TASK PROMPT
A word-for-word copy of every entry below is required; the images do not belong in it.

Records excerpted from a collection
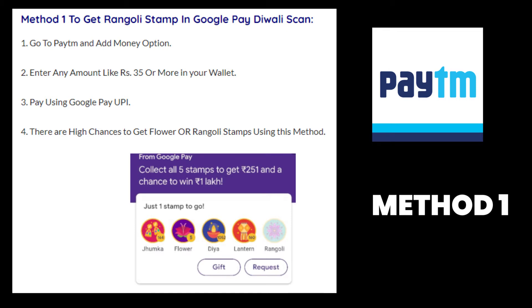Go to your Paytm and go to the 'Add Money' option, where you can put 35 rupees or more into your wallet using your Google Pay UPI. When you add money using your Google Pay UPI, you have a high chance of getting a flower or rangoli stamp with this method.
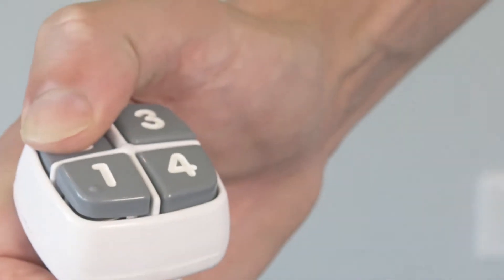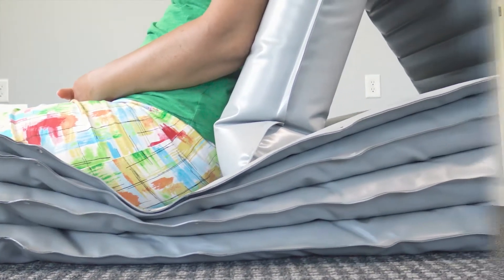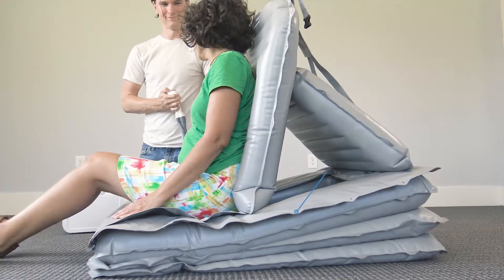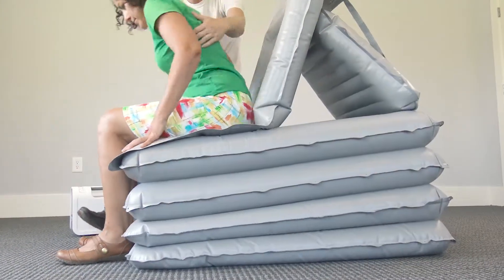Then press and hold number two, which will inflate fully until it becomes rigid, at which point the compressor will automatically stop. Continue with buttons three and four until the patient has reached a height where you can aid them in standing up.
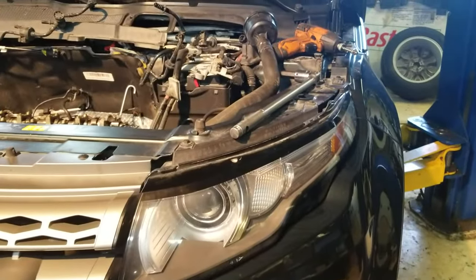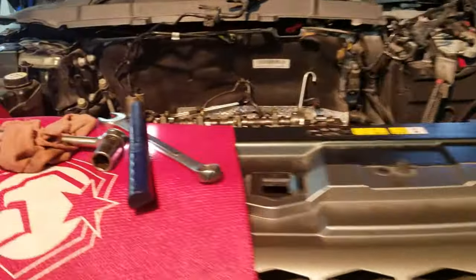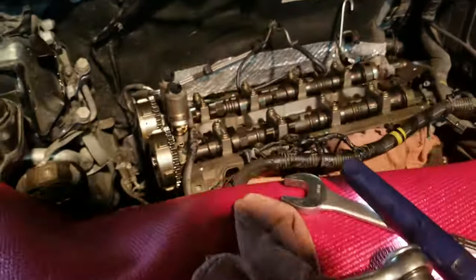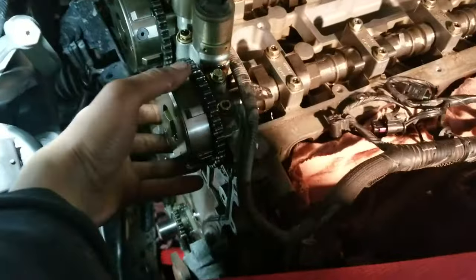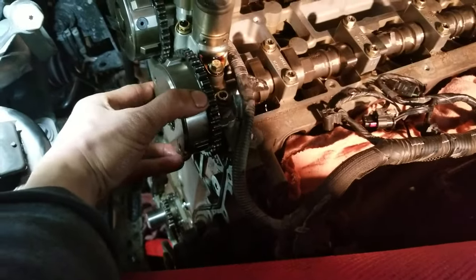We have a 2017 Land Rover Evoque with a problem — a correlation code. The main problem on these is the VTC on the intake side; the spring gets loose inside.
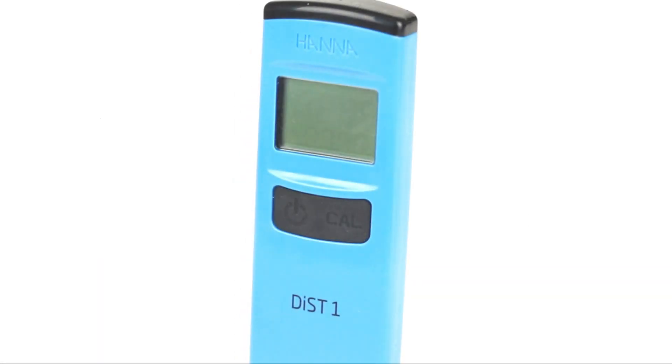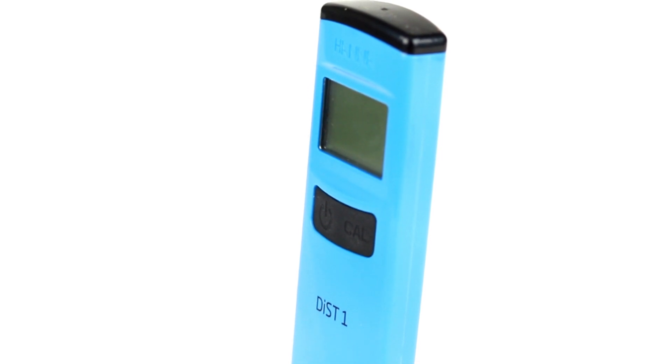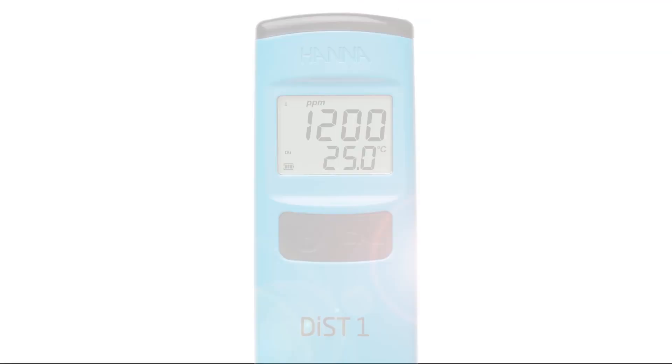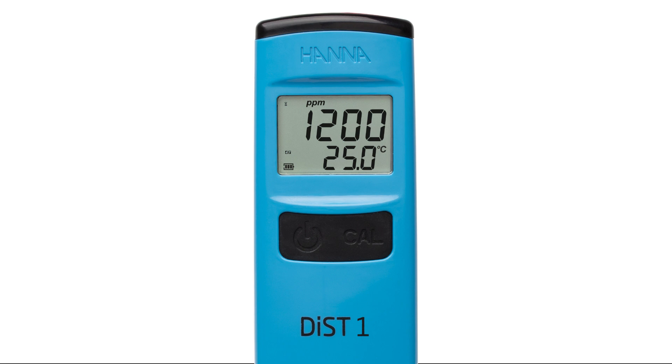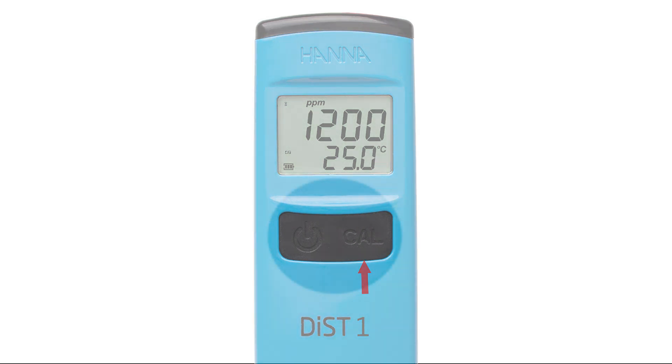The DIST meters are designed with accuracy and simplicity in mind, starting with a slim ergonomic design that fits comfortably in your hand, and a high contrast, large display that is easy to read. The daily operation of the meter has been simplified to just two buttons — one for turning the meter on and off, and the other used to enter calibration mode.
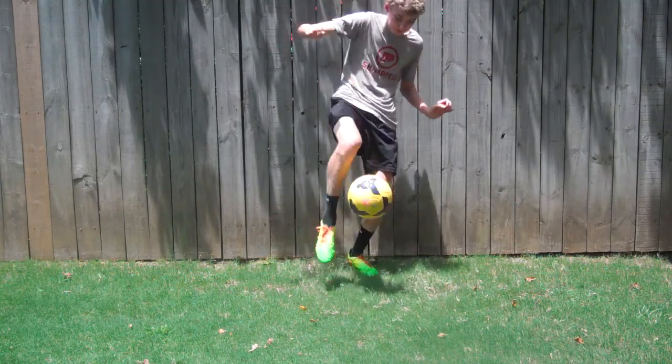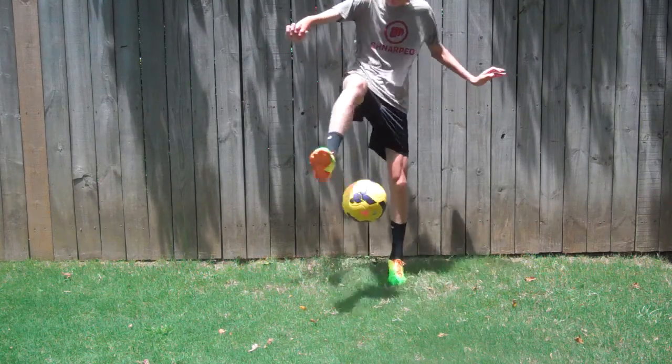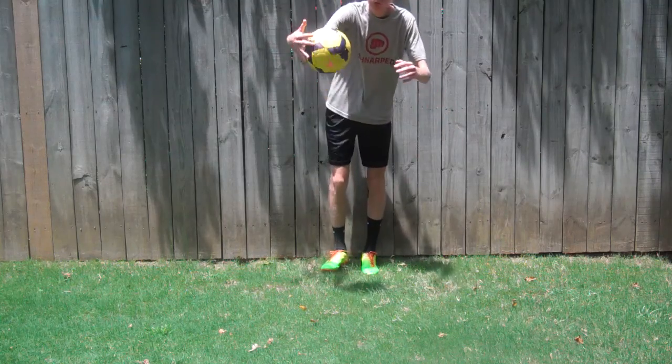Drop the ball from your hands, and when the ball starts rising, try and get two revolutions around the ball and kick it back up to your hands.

ANSWER SECTION
Go to your Paytm and go to the 'Add Money' option, where you can put 35 rupees or more into your wallet using your Google Pay UPI. When you add money using your Google Pay UPI, you have a high chance of getting a flower or rangoli stamp with this method.
Then press and hold number two, which will inflate fully until it becomes rigid, at which point the compressor will automatically stop. Continue with buttons three and four until the patient has reached a height where you can aid them in standing up.
We have a 2017 Land Rover Evoque with a problem — a correlation code. The main problem on these is the VTC on the intake side; the spring gets loose inside.
The DIST meters are designed with accuracy and simplicity in mind, starting with a slim ergonomic design that fits comfortably in your hand, and a high contrast, large display that is easy to read. The daily operation of the meter has been simplified to just two buttons — one for turning the meter on and off, and the other used to enter calibration mode.
Drop the ball from your hands, and when the ball starts rising, try and get two revolutions around the ball and kick it back up to your hands.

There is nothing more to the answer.